According to the St. Louis Post-Dispatch, Peter and Marzie McCoy of Wildwood, Mo., are suing their local school district after their daughter, a state championship swimmer, briefly lost her scholarship to Colorado State University after it reviewed a recommendation form filled out by a Lafayette High School counselor that was less than flattering. In theory, everybody followed procedure. The problem was, say that parents, that the counselor filling out the form had never met their daughter.
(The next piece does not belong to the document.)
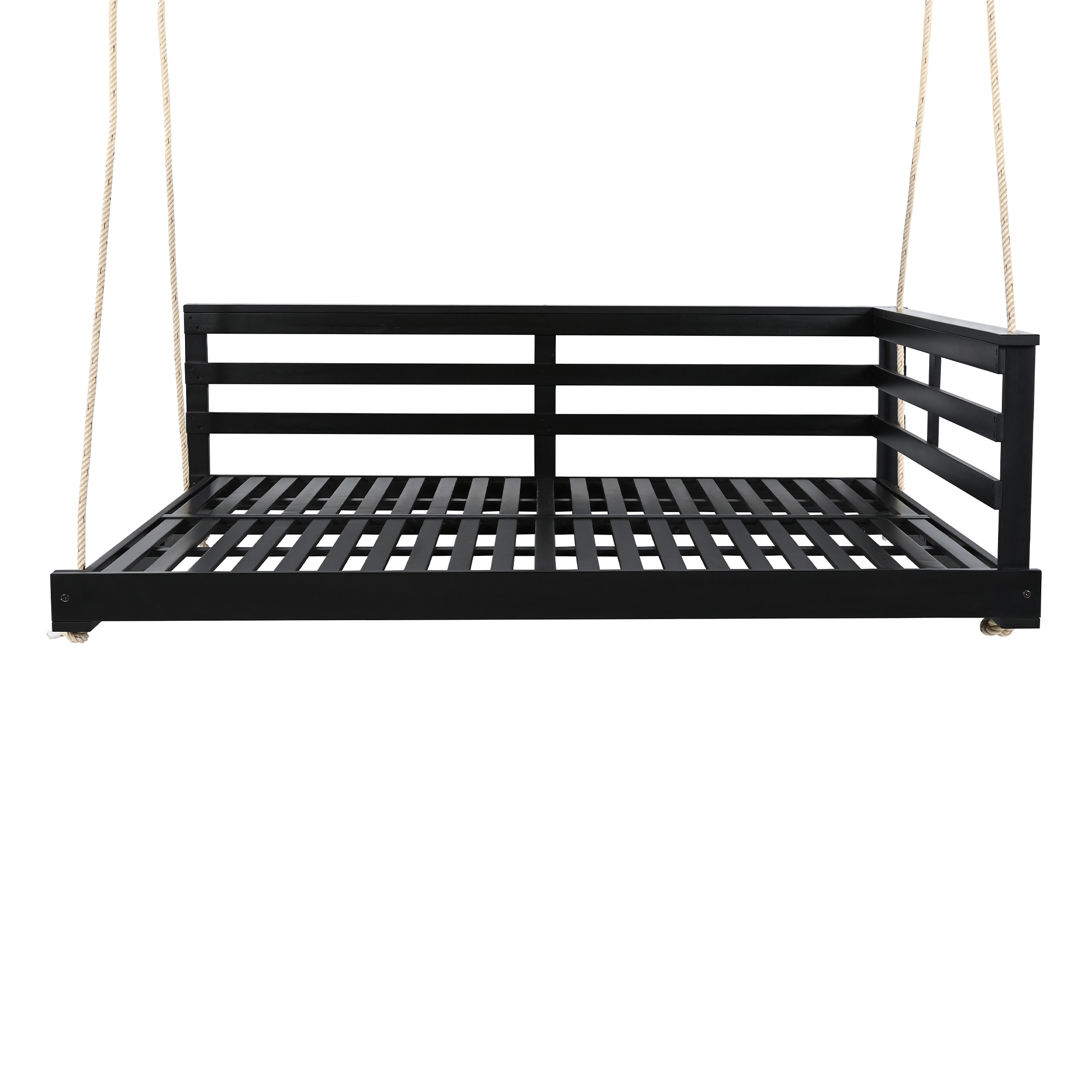 Bybafun YA3300142 2 -person Black Wood Outdoor Swing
From the July 9 Post-Dispatch:

The recommendation form, signed by Lafayette High School counselor Beth Brasel, said that Shannon McCoy was “below average” in five personal traits including initiative, character, integrity and leadership.
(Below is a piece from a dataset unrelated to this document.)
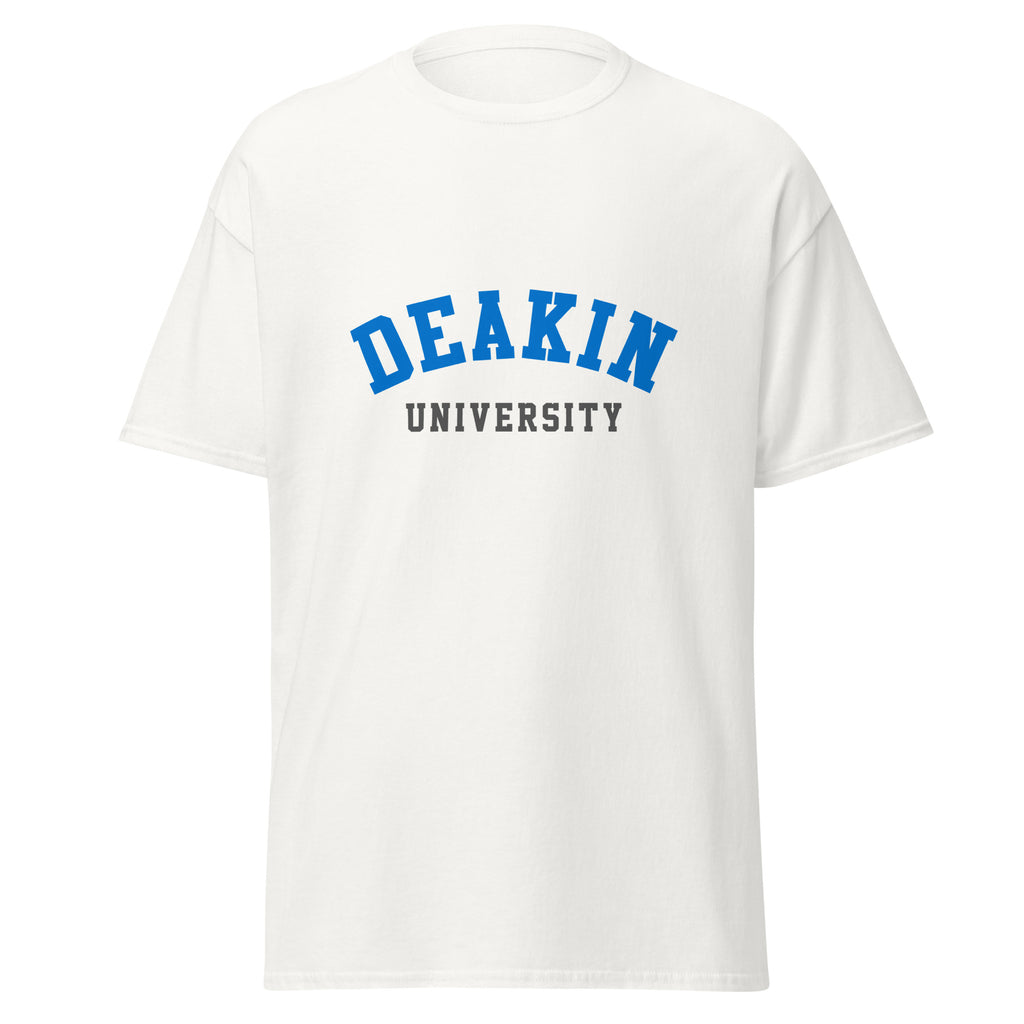 Unisex heather gray t-shirt featuring Deakin University logo printed across the front chest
The McCoys said that the description of their daughter was “grossly inaccurate” and that Brasel had never met Shannon before the form was filled out.
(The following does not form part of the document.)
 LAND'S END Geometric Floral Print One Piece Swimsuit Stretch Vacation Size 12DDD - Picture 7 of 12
Rockwood spokeswoman Kim Cranston said it was the district’s understanding that the recommendation form had nothing to do with the rescinding of McCoy’s scholarship, based on their contact with a Colorado State University admissions officer.

A message left Thursday for the admissions officer was not returned. [Brasel was also not available for comment.]

Predictably, many of the comments left by readers paint the parents (and their daughter, with her mere 3.0 grade-point average in an age of grade inflation) as spoiled brats, especially because they’re not dropping the lawsuit even after Colorado State, after the parents’ appealed, gave the scholarship back. At 80 percent of out-of-state tuition, room and board, that scholarship money is no small potatoes. Here is a comment by someone called cardsphan:

Cry me a river Parents. Way to teach your daughter to be a spoiled brat. What parents, teach their kids that if something goes wrong just sue for money to make it better. Did you ever think that maybe your daughter didn’t deserve a scholarship? I had one for athletics out of Marquette HS but i also had a 3.6 GPA. A 3.0 is not hard to get in HS, maybe the girl was to much into swimming and not her grades. IM JUST SAYIN

Given that grammar, I can believe a 3.6 GPA would be related to grade inflation.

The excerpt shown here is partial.